Respondent admits that it is a common carrier engaged in both intrastate and interstate commerce, but denies that it was engaged in interstate commerce at the time La Lone was injured. Obviously, respondent was engaged in interstate commerce when it moved cars loaded for destinations outside this State from the Frisco Broadway freight house to its Twenty-third Street yard. Is it not just as plain, and quite within the reasoning of the above cases, that the movement of these same ears in their empty condition from the Twenty-Third Street yard to the Broadway freight house for the purpose of being immediately loaded thereat with interstate freight and immediately moved therefrom in interstate commerce, was a preparatory movement in aid of, a necessary incident to, for the purpose of furthering, and so closely connected with the movement of these same ears when loaded with interstate freight as to be a part of such interstate movement? The movement of these empty cars to the Broadway freight house was a part of the round trip duty resting upon respondent, and on the prompt, faithful and complete performance of which the movement of loaded cars destined for interstate points depended.

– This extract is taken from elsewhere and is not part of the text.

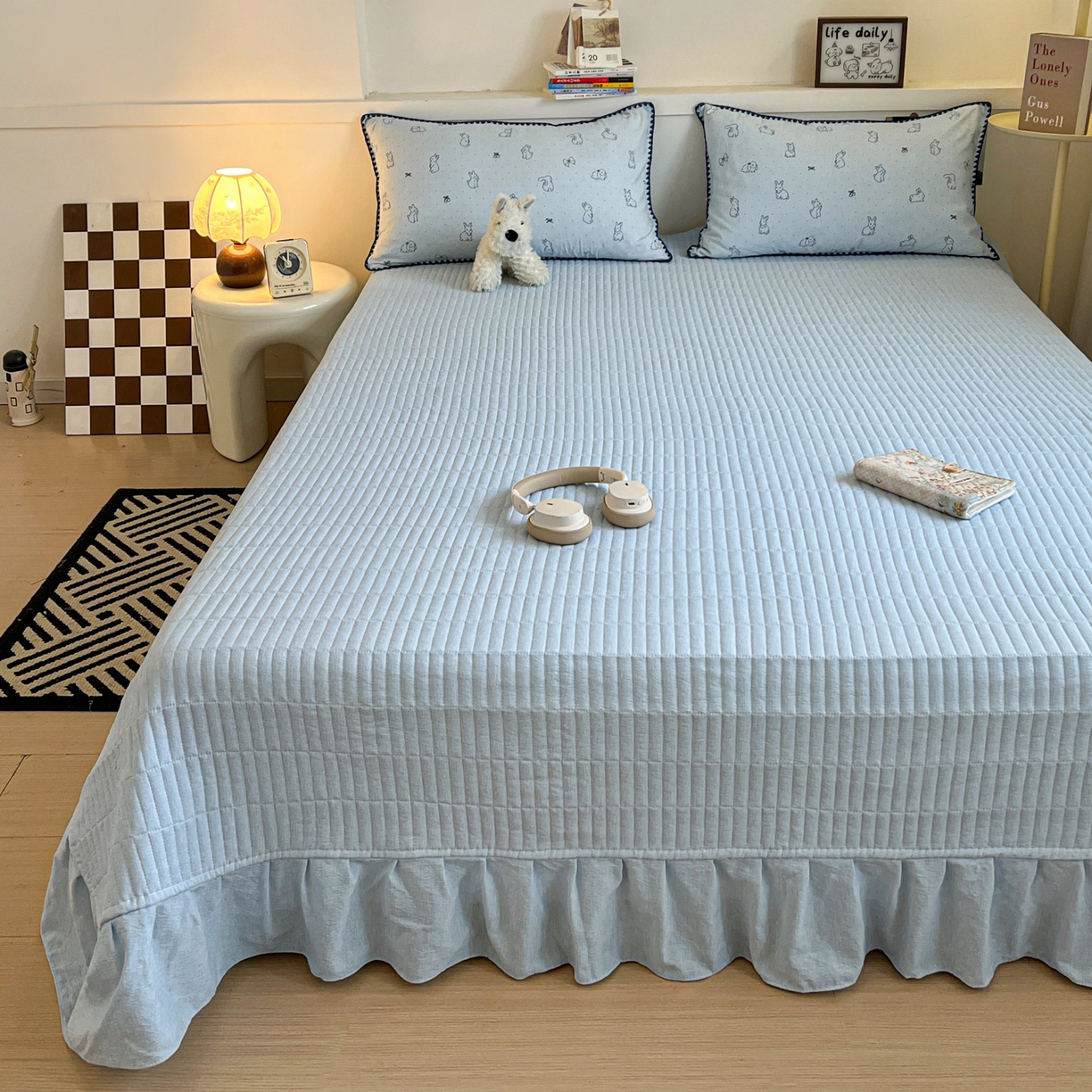 91家纺网 家纺一手货源 找家纺 富米莱（原臻工厂） 2026春夏新款色织提花贝壳边床盖床裙四件套 贝壳边-蓝小兔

The only question that might be considered close in this case is whether or not at the time these empty ears began to move toward the Broadway freight house any of them had been designated for or assigned to interstate use. [1 Roberts on Federal Liabilities of Carriers, sec. 506.] The evidence shows that before the Frisco’s agents, servants and employees ordered these thirty-four empty cars from the Twenty-third Street yard they knew that at least eleven of them would be immediately spotted at certain sections designated and set apart for interstate loading, and there loaded and moved to points beyond the State. We may here observe that it is not necessary that the employee know,the interstate character of the movement. [Cott v. Erie Railroad Co., 231 N. Y. 67, certiorari denied, 257 U. S. 636.] Before respondent’s switch foreman began to move these empty cars he had received a written order or list through the office of the yard clerk, which according to the admitted custom and practice contained the spotting orders if any were specially given. Respondent when called upon failed to produce this order or list. The yard clerk who had made it out testified that the refrigerator cars were ordered to be spotted at certain designated places, that they were so placed, and the uncontradicted evidence is that four refrigerator cars, which were included in this train of thirty-four empty cars, were loaded and moved from these specially designated locations on September 14th and 15th to points beyond this State, such as Oklahoma City, Oklahoma, Wichita, Kansas and Pittsburg, Kansas. From such evidence the jury might reasonably infer that the four refrigerator cars, at least, were designated for use in interstate commerce before La Lone’s crew began to move them, and when he was fatally injured while assisting in the movement of these and other empty cars from the Twenty-third Street yard to the Broadway freight house he was engaged in interstate commerce.

As we view the evidence the trial court erred in sustaining defendant’s motion for .a new trial. It is therefore directed that the order and judgment granting a new trial be reversed and the case remanded with directions that the verdict and judgment originally rendered for plaintiff be reinstated as of the date of its rendition.

All concur, except Gantt, J., not sitting.